Listed entries ::
────────────────

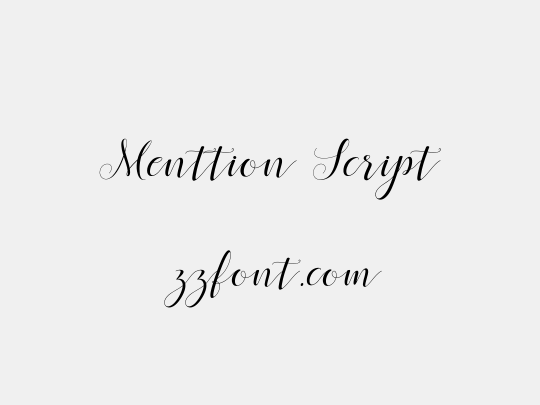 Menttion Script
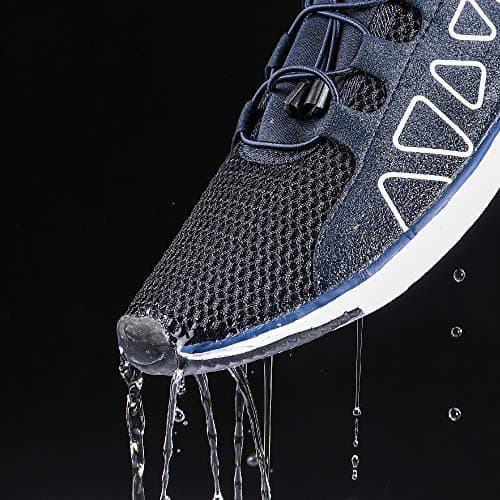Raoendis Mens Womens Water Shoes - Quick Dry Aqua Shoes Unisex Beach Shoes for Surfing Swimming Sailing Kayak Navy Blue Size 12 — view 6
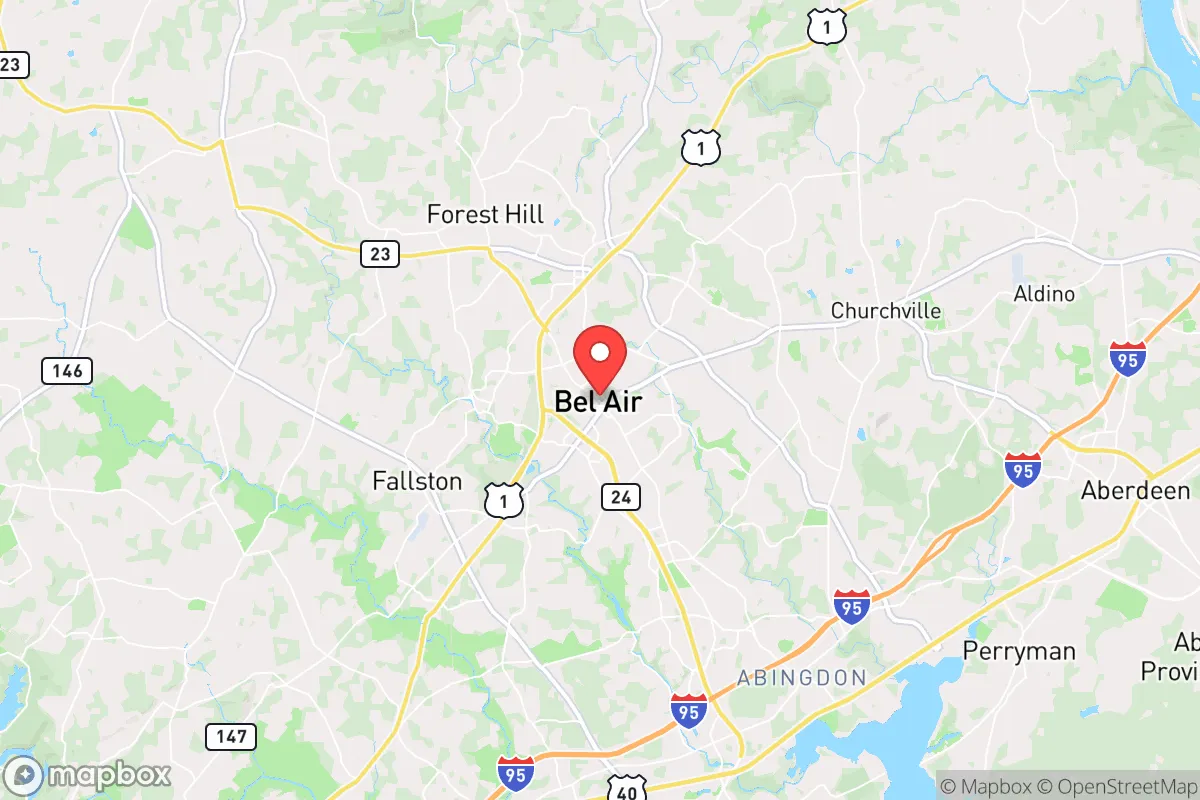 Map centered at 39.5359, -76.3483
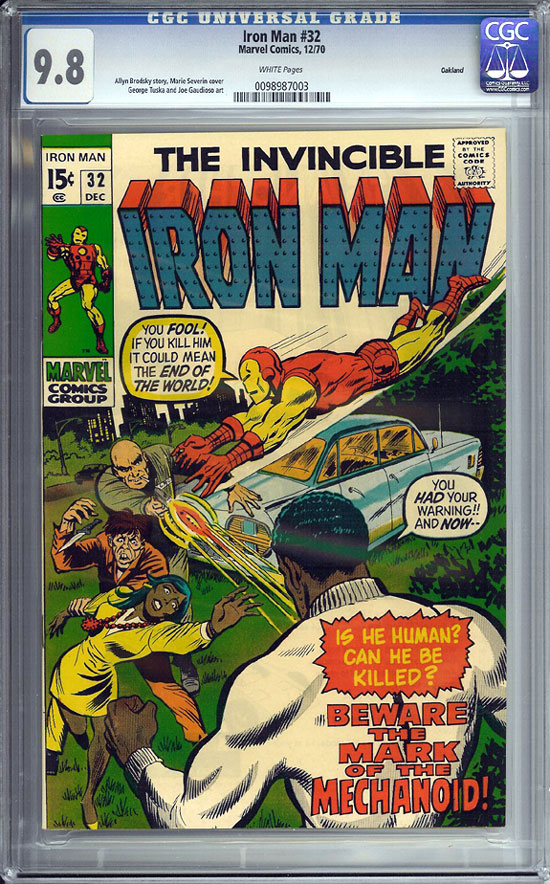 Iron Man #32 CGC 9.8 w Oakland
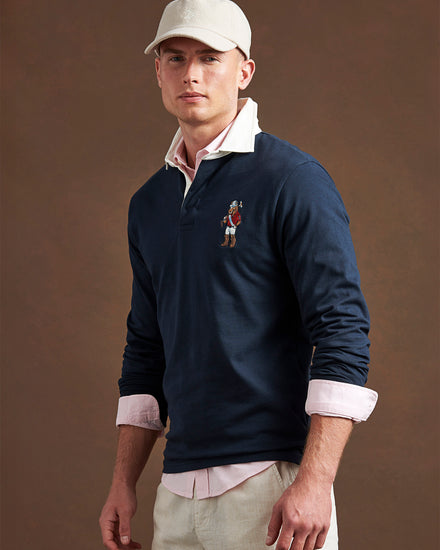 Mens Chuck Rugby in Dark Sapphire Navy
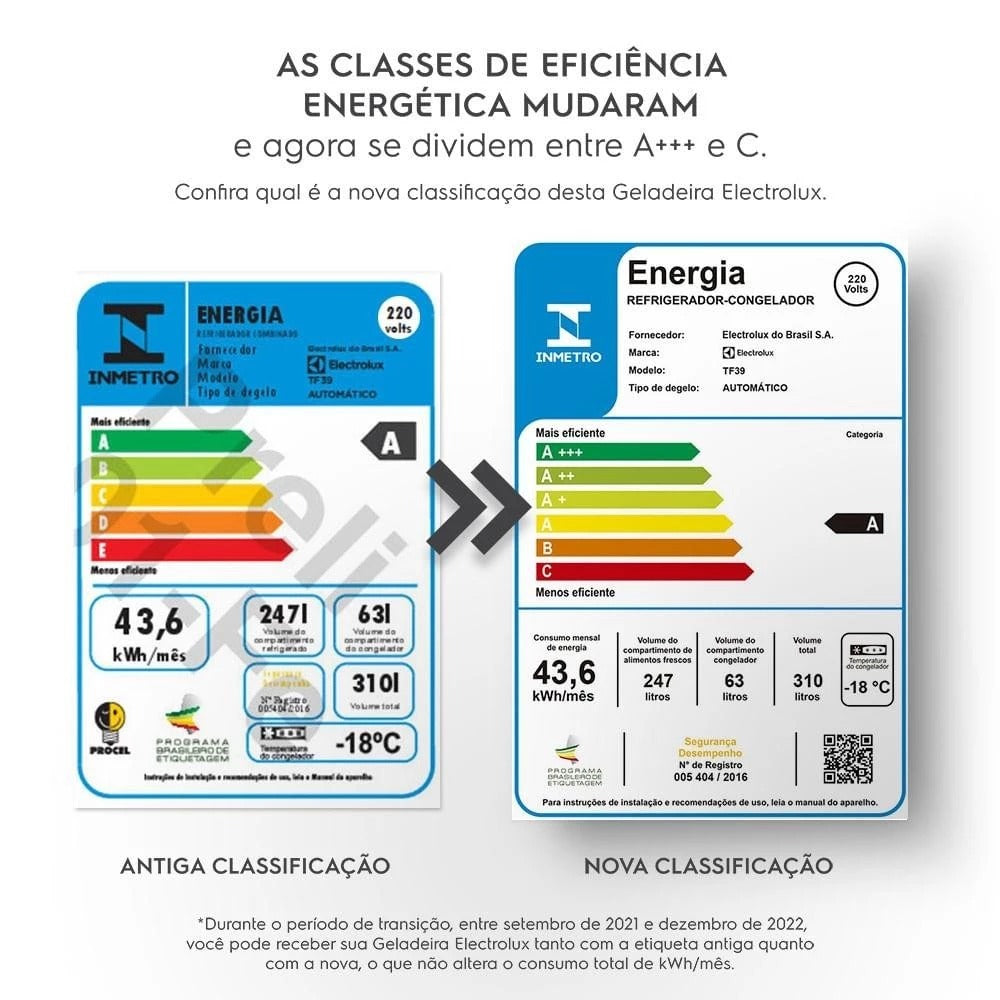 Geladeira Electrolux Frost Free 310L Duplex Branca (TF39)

────────────────

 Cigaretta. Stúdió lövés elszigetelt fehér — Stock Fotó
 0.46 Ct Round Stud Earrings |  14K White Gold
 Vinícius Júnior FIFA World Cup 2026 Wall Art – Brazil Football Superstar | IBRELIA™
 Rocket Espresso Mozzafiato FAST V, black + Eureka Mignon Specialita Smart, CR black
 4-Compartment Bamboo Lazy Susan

────────────────

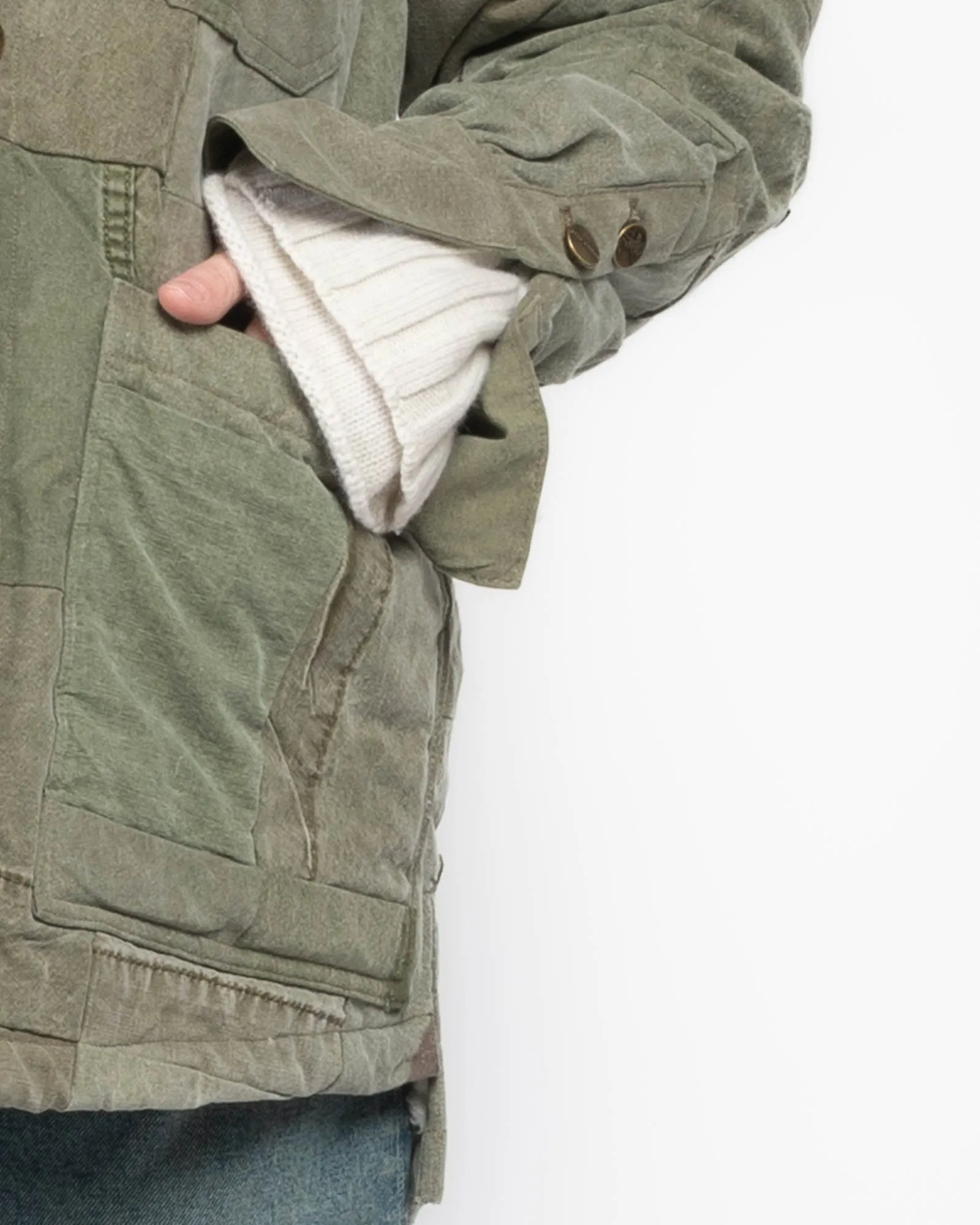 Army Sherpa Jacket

────────────────

Exercise requirements :: Within the listing above, the lines starting at the one containing "Map centered at 39.5359, -76.3483" and ending at the one containing "Geladeira Electrolux Frost" are to be returned exactly. Omit the pictures.

Solution to this problem ::
 Map centered at 39.5359, -76.3483
 Iron Man #32 CGC 9.8 w Oakland
 Mens Chuck Rugby in Dark Sapphire Navy
 Geladeira Electrolux Frost Free 310L Duplex Branca (TF39)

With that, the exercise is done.